◆ **Directions for this task**: Below is a listing; print exactly its lines from the one containing "Spacious living room" down to the one containing "May include: A", both inclusive, with every picture left out.

◆ **Supplied records**:
[Start of section]

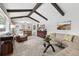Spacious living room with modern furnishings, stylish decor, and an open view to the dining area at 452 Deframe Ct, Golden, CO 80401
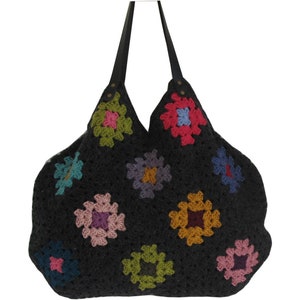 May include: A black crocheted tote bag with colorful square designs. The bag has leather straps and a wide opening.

[End of section]
[Start of section]

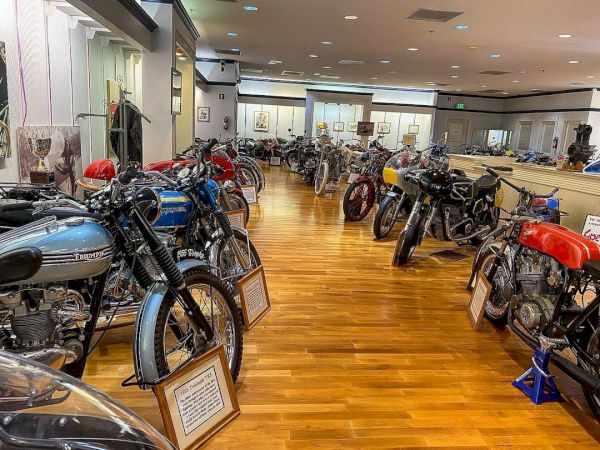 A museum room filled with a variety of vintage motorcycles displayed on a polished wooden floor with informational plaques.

[End of section]

◆ **Exercise output**:
Spacious living room with modern furnishings, stylish decor, and an open view to the dining area at 452 Deframe Ct, Golden, CO 80401
 May include: A black crocheted tote bag with colorful square designs. The bag has leather straps and a wide opening.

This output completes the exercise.